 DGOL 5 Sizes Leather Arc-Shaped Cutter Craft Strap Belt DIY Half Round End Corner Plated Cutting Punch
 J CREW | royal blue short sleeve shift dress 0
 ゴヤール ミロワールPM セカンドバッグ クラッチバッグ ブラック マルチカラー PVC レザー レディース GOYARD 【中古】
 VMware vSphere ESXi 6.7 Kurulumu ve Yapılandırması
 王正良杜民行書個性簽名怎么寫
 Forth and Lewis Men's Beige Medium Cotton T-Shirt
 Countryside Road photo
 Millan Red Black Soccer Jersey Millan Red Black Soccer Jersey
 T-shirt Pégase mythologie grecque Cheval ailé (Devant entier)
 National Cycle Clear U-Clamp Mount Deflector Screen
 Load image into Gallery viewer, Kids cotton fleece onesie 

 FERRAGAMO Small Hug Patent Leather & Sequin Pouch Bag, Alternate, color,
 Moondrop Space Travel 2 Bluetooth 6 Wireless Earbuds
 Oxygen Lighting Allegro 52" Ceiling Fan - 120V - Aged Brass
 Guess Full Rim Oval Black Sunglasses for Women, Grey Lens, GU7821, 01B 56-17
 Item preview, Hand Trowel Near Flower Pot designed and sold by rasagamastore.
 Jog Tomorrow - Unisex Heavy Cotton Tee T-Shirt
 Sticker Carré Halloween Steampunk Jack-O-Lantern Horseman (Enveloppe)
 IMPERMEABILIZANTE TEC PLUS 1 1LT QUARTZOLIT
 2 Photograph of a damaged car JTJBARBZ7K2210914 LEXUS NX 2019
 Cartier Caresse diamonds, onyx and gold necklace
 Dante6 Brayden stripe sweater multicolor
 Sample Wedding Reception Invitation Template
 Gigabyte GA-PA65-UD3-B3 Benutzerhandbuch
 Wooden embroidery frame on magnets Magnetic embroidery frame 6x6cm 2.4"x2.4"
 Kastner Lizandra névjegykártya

### WHAT THE EXERCISE ASKS
Where a line in the records above contains the string "Black", return that line.

### SOLUTION TO THE EXERCISE
 Millan Red Black Soccer Jersey Millan Red Black Soccer Jersey
 Guess Full Rim Oval Black Sunglasses for Women, Grey Lens, GU7821, 01B 56-17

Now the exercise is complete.